§ **Stored data entries**
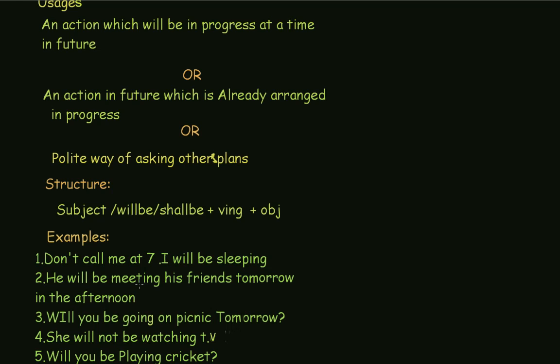The second example is: 'He will be meeting his friends tomorrow in the afternoon.' This is an action which is already arranged in progress — he has already decided to meet his friends tomorrow afternoon.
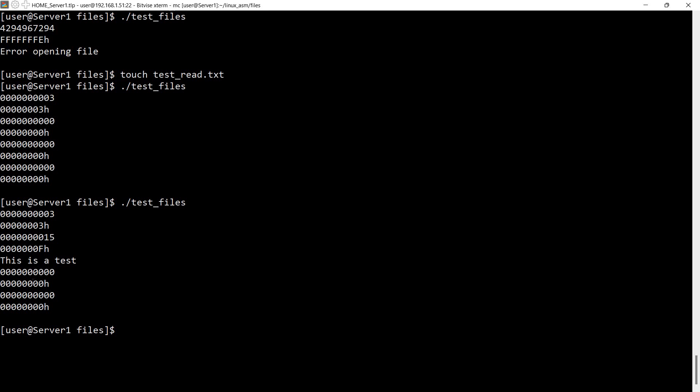And then from the second read call we got zero here. So if you want to read the file in a loop you need to check for this condition. Finally from the close operation we got zero. So everything worked as expected. I hope you enjoyed this. Don't forget to like and subscribe. And see you next time. Bye.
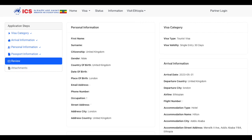On this page, you just need to review your application. Make sure everything is correct — you've spelled your name correctly, your passport number is correct, and you've got your arrival details all correct. Just make sure everything is good to go, and once you're done, go ahead and click Next.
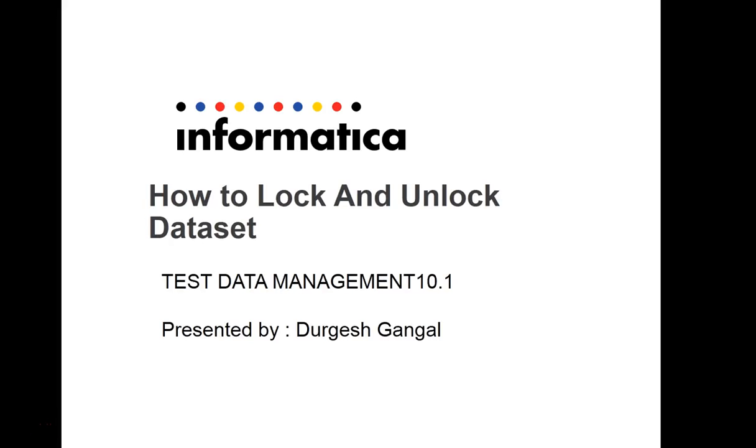Hi everyone, this is Durgesh from Informatica GCSs. Today I'm going to explain about locking and unlocking the dataset.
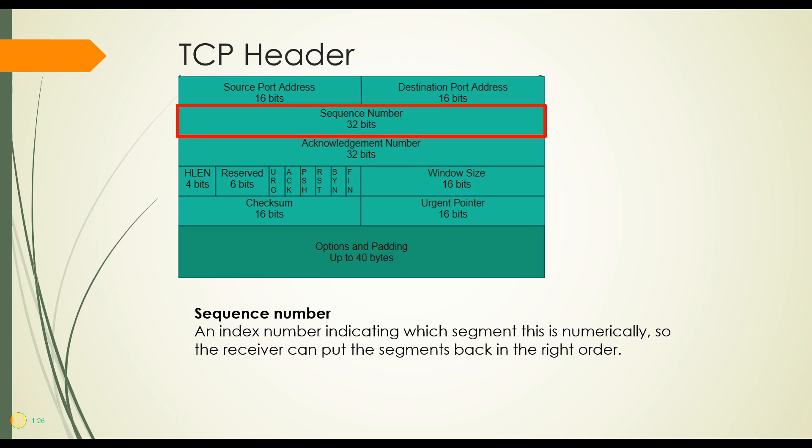The sequence number is just an index number. If I send segment number one, I might label it number one, then segment number two, I might label it number two and so on. So when the receiver gets them, if it gets them out of order or if it's missing one, it knows how to handle that. It knows how to put them back together and knows when to ask for a resend.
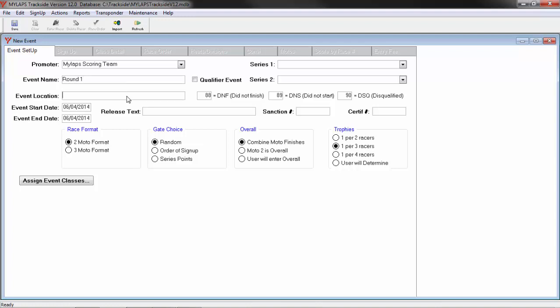The event name could be your track name, your round, whichever you select. Event location could be your track if you are going to race multiple tracks. It could also be your city and state. Here I will make it my city and state. The event start date and the event end date. Let's set the event start date.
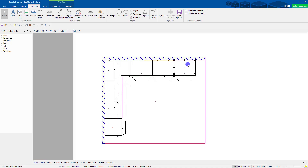Welcome back to CabMaster Software. Today we're just going to go through some tips and tricks on dimensioning inside CabMaster.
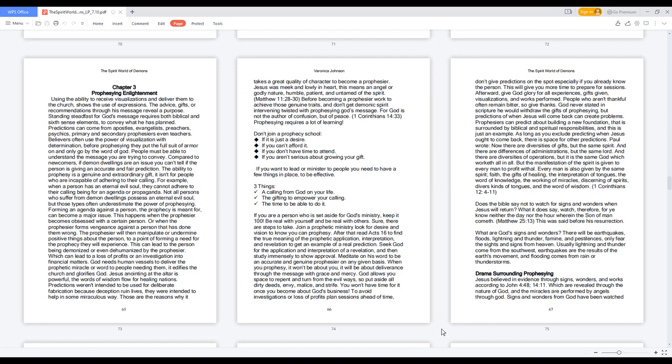For God is not the author of confusion, but of peace. 1 Corinthians 14:33. Prophesying requires a lot of learning. Don't join a prophecy school if it is just a desire, if you can't afford it, if you don't have time to attend, or if you aren't serious about growing your gift.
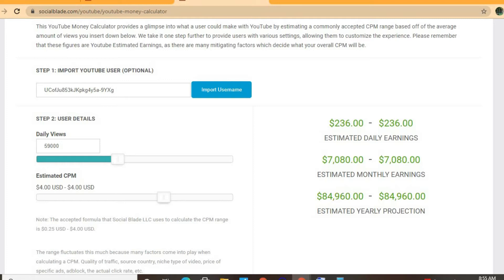To get some estimate on how much he's earning we'll be using the YouTube Money Calculator, and we'll be estimating that his CPM is four dollars. By the way, CPM stands for cost per thousand views — this is the amount of money that a YouTuber gets paid for every thousand views that a video gets. The CPM tends to fluctuate, as it can go from anywhere from a dollar up to 10 or 20 dollars or even more.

§ **Exercise**
The answer must be an exact copy of the lines from the start of the records above through the line containing "And then from", with no pictures in it.

§ **Answer area**
The second example is: 'He will be meeting his friends tomorrow in the afternoon.' This is an action which is already arranged in progress — he has already decided to meet his friends tomorrow afternoon.
And then from the second read call we got zero here. So if you want to read the file in a loop you need to check for this condition. Finally from the close operation we got zero. So everything worked as expected. I hope you enjoyed this. Don't forget to like and subscribe. And see you next time. Bye.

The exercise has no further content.